Thanks to the National Assembly’s Standing Committee on Human Rights that it has understood how the Prevention of Electronic Crimes Act (PECA) 2016 is flawed. While hearing a journalist, Shahzeb Jillani, the committee has requested the National Commission on Human Rights (NCHR) to come up with recommendations to avoid the misuse of law in future.

No one in his or her right mind ever imagined that Pakistan would turn into an Orwellian state. While there were some critical voices against the flaws in PECA, however, their criticisms were swept under the carpet. Although the primary aim of the act is to counter online harassment and terrorist content, it also serves the purpose of a perfect tool in the hands of those who want to curb dissent against state injustices.

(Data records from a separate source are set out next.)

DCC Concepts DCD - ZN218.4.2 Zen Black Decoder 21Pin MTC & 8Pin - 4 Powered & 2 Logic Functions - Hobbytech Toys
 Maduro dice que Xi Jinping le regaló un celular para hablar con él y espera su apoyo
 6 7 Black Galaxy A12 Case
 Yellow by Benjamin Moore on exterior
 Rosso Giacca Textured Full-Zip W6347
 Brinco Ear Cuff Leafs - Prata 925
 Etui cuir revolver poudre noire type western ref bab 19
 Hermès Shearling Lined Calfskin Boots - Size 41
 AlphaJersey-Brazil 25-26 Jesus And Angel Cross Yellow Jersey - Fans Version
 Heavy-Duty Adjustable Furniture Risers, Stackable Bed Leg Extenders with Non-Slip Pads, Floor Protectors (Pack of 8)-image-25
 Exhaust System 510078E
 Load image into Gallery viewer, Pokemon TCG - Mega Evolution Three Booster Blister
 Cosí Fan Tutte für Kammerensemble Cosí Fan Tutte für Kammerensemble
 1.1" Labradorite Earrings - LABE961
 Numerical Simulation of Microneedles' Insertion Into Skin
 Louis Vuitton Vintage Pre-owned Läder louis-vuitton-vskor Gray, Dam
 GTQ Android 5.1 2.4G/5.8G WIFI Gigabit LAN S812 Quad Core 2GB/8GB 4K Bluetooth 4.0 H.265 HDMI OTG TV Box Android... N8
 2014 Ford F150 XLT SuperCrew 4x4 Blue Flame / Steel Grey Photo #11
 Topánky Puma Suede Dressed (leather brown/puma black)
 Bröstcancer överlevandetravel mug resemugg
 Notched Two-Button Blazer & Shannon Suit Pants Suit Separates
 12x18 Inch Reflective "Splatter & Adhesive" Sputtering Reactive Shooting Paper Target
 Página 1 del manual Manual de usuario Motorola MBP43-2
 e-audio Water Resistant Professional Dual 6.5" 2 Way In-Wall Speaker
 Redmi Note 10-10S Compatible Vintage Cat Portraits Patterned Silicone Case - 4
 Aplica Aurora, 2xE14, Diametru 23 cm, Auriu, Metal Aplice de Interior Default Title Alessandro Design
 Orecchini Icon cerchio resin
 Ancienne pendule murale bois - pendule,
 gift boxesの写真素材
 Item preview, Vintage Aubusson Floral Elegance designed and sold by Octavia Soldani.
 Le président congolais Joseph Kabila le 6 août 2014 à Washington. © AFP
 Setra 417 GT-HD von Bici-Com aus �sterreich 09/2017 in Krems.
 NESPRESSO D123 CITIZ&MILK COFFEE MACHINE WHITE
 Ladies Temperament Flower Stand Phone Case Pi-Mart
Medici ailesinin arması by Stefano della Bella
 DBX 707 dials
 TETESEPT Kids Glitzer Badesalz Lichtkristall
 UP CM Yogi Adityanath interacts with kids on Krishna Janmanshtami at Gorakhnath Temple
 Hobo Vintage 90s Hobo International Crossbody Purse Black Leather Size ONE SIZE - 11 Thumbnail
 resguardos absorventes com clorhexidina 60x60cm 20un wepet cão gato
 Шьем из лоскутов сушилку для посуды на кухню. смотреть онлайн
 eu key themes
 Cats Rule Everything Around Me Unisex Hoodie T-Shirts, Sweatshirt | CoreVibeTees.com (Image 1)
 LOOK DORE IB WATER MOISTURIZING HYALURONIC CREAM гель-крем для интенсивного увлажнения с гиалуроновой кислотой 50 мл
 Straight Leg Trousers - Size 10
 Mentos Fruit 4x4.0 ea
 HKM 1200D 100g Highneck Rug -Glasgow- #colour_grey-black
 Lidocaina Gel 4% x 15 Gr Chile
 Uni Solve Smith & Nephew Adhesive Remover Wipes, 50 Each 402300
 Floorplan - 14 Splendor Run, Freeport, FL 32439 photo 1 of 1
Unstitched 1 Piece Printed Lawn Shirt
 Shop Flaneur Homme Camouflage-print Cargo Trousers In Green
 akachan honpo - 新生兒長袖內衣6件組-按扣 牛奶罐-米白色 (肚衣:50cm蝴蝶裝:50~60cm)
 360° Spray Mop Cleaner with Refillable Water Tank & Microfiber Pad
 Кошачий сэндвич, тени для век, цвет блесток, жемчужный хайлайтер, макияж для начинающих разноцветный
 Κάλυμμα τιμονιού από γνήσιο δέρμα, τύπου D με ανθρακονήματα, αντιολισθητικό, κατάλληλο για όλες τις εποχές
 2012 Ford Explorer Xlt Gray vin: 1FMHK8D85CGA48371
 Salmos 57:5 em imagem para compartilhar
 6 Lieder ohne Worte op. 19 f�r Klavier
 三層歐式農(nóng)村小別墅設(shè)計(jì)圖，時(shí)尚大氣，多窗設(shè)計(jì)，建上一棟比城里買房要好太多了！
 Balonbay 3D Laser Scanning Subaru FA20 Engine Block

The case against Shahzeb Jillani that a local court in Karachi has already quashed ignites debate on the said law’s potential to get abused. Charges against the journalist were made for answering questions in the television show of Kamran Khan. Since the journalist’s opinion differs from that of the petitioner, the latter found Shahzeb’s remarks harming Pakistan’s national interests. However, it is then a slippery slope, and it will make dissent disappear from a society that is vital for the progress of any society.

One fundamental right that PECA severely undermines is the freedom of speech that is article 19 of the constitution. One of the most pressing concerns relates to whether some of the powers given to authorities under PECA should lie with them in the first place. For instance, section 37 of the Act discusses unlawful online content.

Moreover, there are several other provisions of the law that threaten free speech. For example, section 9 discusses the glorification of an offence and specifies the types of crimes and activities for which this is criminalised. However, this section has been drafted in overly broad terms and breaches international standards of freedom of speech.